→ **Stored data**
──────────

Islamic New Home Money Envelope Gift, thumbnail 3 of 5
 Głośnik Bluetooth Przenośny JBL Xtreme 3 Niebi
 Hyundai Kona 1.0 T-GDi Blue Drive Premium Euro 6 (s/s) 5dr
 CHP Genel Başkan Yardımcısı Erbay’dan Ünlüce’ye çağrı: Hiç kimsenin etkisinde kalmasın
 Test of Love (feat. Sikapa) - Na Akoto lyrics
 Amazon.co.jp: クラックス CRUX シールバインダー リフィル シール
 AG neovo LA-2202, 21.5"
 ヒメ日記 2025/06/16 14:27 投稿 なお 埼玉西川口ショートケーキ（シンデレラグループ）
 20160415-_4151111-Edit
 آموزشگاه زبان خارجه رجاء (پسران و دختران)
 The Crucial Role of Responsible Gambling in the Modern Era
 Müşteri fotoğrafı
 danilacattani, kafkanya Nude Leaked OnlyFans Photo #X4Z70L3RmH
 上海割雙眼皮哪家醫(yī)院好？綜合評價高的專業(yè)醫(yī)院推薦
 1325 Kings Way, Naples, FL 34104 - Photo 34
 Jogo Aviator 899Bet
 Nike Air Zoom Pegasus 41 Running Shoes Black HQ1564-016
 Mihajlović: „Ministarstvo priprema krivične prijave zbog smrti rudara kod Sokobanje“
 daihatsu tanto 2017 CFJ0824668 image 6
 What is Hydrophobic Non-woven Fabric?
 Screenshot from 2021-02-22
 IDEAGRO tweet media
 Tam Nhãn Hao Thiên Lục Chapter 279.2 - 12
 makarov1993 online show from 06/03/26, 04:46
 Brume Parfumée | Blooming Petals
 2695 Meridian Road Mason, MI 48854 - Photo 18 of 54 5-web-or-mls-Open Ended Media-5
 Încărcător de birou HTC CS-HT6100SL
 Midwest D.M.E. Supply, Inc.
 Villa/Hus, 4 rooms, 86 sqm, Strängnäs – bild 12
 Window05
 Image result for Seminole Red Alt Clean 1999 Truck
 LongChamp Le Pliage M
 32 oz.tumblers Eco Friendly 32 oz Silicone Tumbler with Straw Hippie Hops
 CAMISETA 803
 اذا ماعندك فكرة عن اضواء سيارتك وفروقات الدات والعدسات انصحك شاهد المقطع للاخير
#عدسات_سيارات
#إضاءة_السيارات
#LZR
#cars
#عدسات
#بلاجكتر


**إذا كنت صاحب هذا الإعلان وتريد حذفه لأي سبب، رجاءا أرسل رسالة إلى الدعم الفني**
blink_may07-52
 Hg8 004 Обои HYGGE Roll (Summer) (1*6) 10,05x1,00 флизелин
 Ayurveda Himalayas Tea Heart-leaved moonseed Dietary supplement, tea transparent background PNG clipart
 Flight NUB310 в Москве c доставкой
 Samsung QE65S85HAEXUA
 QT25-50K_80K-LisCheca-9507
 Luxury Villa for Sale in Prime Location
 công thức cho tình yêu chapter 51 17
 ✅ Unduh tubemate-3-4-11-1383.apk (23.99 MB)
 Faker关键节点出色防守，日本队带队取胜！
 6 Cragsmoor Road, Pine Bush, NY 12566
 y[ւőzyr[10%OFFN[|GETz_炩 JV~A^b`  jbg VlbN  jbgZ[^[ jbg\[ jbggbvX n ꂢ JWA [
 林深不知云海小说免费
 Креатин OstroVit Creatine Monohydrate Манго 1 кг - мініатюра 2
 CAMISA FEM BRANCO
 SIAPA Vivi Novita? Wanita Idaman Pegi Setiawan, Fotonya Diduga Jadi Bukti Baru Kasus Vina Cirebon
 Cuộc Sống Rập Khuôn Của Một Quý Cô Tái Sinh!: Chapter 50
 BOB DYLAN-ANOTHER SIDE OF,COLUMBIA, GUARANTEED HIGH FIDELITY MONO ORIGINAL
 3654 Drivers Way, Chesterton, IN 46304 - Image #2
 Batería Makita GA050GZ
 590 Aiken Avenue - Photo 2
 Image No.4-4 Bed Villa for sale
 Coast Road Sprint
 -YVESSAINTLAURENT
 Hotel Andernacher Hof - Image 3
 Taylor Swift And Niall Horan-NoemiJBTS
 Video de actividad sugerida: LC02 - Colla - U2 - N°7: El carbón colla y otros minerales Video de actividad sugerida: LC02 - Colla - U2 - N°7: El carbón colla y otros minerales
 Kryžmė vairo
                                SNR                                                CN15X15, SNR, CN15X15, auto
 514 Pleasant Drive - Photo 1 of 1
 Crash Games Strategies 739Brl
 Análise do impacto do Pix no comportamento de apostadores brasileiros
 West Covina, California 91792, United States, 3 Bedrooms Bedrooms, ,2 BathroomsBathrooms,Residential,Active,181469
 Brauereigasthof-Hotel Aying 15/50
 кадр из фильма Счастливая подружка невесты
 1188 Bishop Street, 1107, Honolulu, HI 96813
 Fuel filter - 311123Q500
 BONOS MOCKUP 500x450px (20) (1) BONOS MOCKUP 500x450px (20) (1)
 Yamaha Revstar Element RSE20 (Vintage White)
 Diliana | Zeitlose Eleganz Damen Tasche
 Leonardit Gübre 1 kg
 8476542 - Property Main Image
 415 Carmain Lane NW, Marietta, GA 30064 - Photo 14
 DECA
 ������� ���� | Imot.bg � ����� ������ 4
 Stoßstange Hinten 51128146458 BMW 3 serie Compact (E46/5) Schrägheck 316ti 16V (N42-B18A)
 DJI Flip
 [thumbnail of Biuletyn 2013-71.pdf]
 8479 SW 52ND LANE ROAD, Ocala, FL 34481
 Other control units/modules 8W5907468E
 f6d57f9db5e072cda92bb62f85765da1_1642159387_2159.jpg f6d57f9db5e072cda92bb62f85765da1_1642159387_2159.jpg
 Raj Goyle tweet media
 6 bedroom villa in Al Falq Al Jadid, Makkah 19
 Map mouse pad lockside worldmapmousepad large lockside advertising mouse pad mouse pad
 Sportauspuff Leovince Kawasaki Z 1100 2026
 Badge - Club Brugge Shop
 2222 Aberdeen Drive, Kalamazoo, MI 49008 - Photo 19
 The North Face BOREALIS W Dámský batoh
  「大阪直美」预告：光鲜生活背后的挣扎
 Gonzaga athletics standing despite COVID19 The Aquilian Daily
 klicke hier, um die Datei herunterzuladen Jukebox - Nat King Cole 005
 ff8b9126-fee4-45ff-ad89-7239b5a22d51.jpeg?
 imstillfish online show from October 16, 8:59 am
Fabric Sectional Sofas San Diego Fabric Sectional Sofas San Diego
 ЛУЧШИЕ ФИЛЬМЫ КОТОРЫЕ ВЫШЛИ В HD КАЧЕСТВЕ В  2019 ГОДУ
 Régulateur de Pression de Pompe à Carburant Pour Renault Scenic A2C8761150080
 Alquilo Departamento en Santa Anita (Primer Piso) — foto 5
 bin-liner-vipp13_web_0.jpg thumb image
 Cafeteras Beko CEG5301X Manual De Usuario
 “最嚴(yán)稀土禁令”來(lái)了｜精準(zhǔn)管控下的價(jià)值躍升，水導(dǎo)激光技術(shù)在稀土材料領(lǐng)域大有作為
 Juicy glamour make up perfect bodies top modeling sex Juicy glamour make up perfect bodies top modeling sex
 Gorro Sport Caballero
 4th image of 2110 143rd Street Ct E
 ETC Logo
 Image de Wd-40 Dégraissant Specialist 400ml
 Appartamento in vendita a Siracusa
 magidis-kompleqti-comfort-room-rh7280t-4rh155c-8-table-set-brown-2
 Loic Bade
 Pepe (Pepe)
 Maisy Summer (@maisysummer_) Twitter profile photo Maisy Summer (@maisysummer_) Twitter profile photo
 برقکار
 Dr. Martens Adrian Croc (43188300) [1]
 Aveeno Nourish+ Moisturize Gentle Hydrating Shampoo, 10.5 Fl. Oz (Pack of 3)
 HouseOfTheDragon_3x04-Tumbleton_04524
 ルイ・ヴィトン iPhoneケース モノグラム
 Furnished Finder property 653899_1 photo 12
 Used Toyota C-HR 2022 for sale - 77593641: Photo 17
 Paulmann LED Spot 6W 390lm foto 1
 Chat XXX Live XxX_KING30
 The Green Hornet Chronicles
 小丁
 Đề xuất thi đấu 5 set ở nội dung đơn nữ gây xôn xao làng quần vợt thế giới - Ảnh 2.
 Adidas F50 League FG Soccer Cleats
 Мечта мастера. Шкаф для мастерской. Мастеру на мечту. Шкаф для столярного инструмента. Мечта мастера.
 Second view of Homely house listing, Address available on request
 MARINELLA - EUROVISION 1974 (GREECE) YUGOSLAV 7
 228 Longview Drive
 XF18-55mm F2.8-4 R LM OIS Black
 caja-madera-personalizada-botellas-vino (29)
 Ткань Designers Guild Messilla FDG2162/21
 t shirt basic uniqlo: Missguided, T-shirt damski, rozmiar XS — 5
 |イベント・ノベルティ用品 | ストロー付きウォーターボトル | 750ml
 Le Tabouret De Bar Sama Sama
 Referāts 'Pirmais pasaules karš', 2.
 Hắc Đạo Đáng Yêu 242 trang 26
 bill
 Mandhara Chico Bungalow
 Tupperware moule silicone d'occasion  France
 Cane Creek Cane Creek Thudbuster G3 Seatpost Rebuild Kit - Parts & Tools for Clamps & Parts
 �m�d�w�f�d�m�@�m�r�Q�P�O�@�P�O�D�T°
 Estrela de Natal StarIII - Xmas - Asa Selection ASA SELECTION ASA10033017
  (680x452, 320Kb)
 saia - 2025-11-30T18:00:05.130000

──────────

→ **What to produce**
In the records above, how many lines contain the string "Street"? State that number only.

→ **Answer**
2